■ INFORMATION SHOWN ■
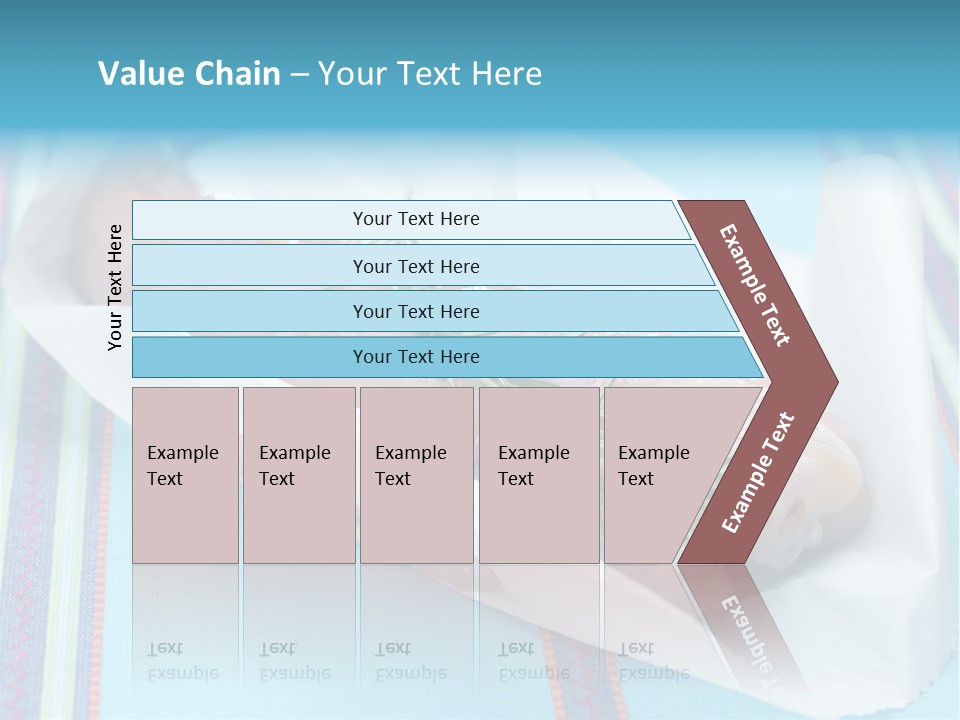 Color Ingredient Fish PowerPoint Template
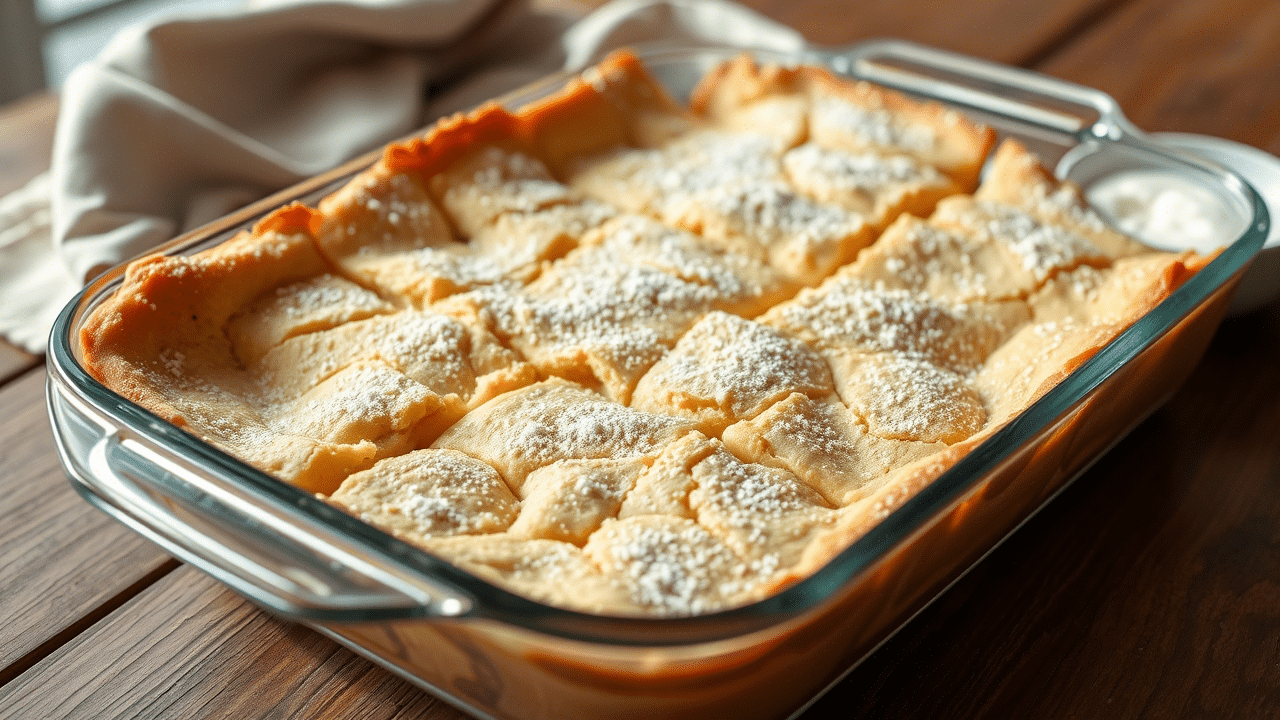 Sour Cream Cookie Bars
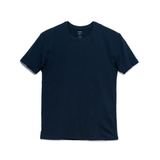 T-Shirt 100% Algodón Peinado Cuello Redondo Hombre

■ WHAT IS NEEDED ■
Omit the pictures and repeat the rest of the listing verbatim.

■ OUTPUT ■
 Color Ingredient Fish PowerPoint Template
 Sour Cream Cookie Bars
 T-Shirt 100% Algodón Peinado Cuello Redondo Hombre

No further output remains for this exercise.